From the line holding "मिर्ज़ापुर: पड़री थाना" through the line holding "4 Pax Monorail Suite next to Quill City Mall" below, write out every line exactly; include both of those lines and drop the pictures.

*** Opening Available data ***

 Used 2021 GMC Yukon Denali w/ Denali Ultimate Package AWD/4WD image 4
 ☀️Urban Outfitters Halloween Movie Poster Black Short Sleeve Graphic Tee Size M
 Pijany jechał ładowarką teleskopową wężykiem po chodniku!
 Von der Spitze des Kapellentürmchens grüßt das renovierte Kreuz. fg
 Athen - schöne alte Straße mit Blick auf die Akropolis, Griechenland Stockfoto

*** Closing Available data ***
*** Opening Available data ***

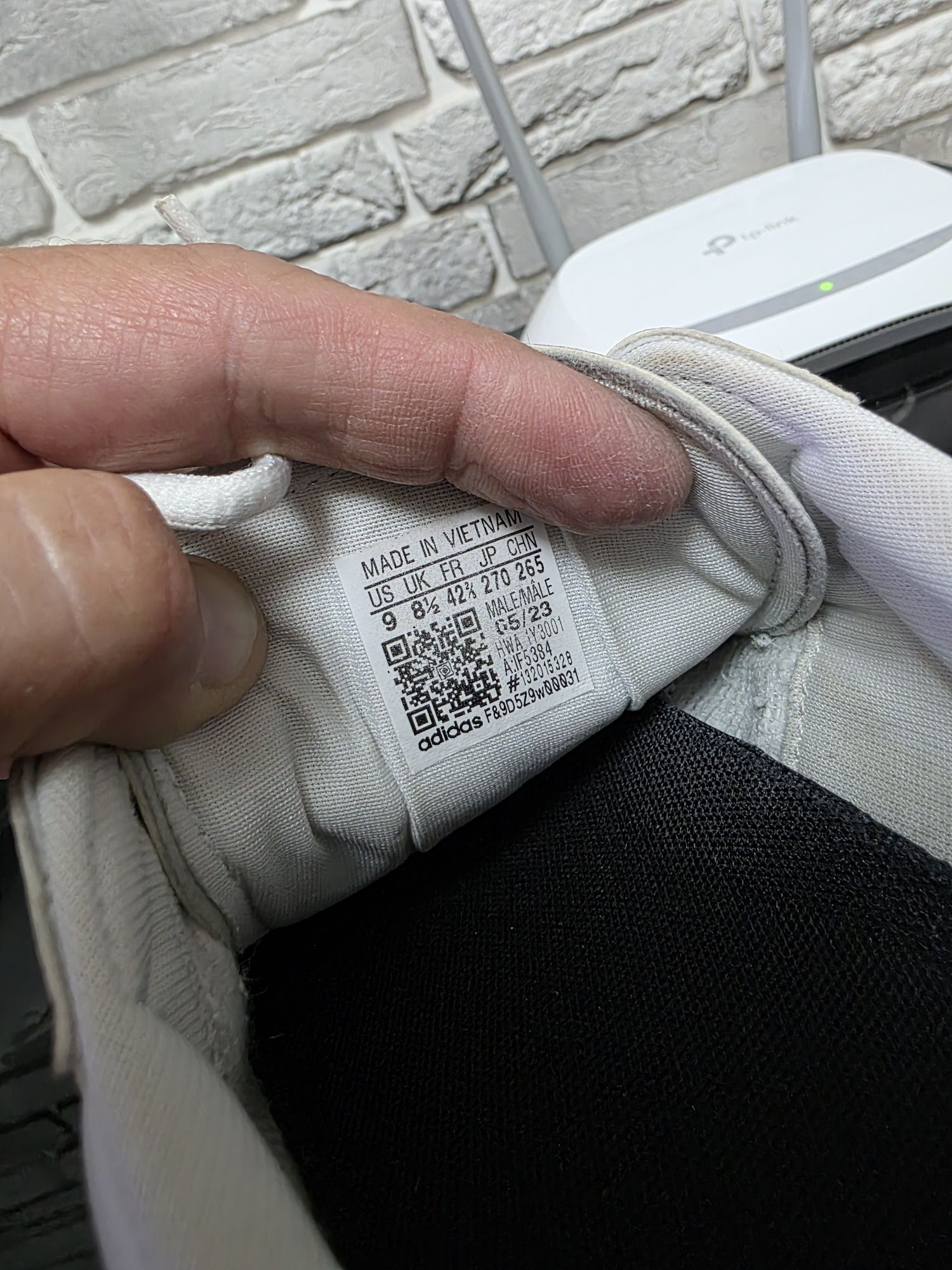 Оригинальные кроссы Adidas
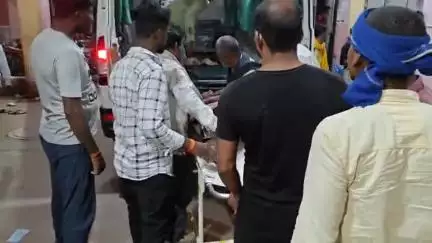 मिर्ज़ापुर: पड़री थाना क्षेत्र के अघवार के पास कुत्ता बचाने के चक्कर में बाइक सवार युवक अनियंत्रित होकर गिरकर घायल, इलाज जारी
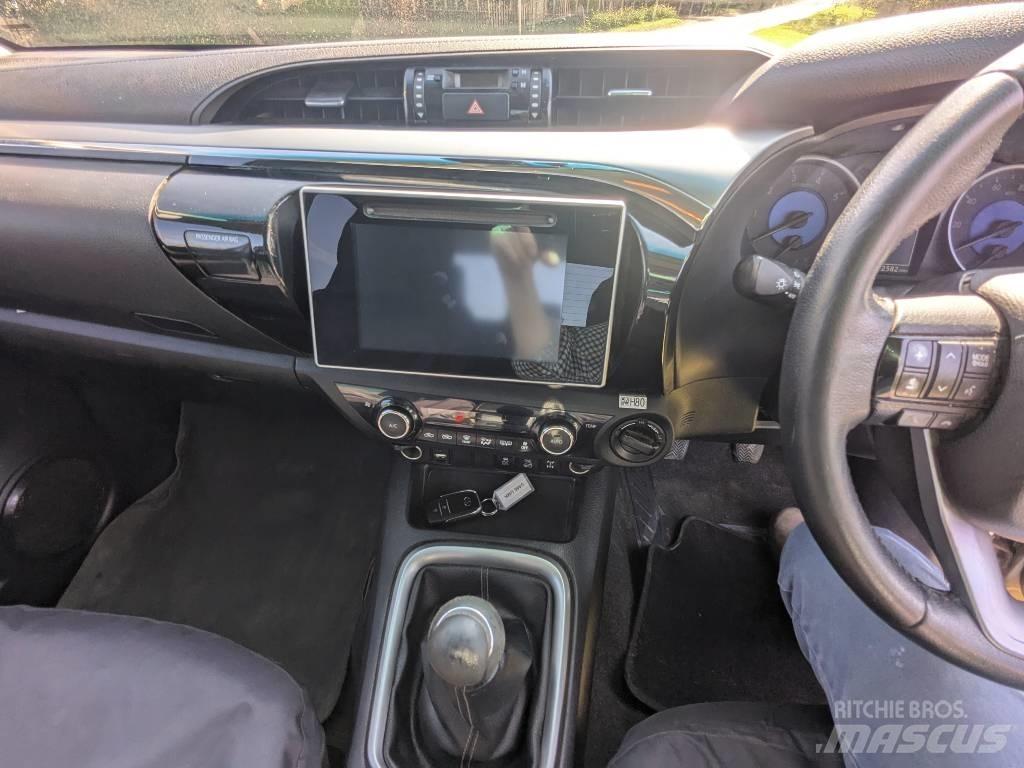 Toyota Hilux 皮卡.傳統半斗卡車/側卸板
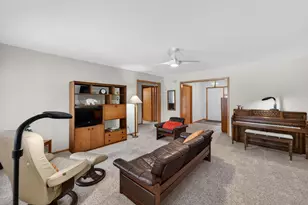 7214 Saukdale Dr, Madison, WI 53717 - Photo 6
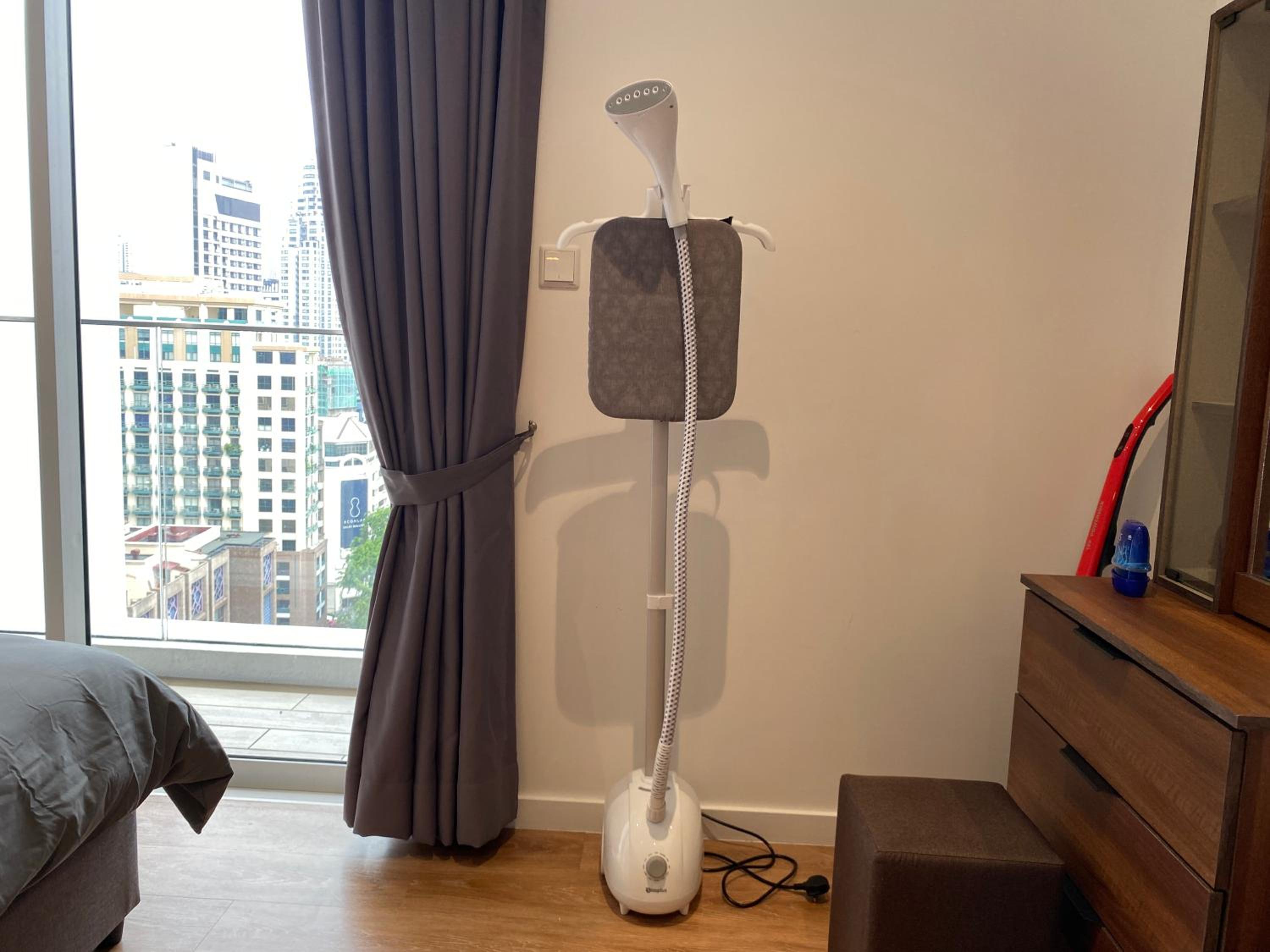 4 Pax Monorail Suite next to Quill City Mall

*** Closing Available data ***
*** Opening Available data ***

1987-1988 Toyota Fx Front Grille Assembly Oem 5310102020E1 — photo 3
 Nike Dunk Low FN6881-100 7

*** Closing Available data ***

**Exercise solution:**
 मिर्ज़ापुर: पड़री थाना क्षेत्र के अघवार के पास कुत्ता बचाने के चक्कर में बाइक सवार युवक अनियंत्रित होकर गिरकर घायल, इलाज जारी
 Toyota Hilux 皮卡.傳統半斗卡車/側卸板
 7214 Saukdale Dr, Madison, WI 53717 - Photo 6
 4 Pax Monorail Suite next to Quill City Mall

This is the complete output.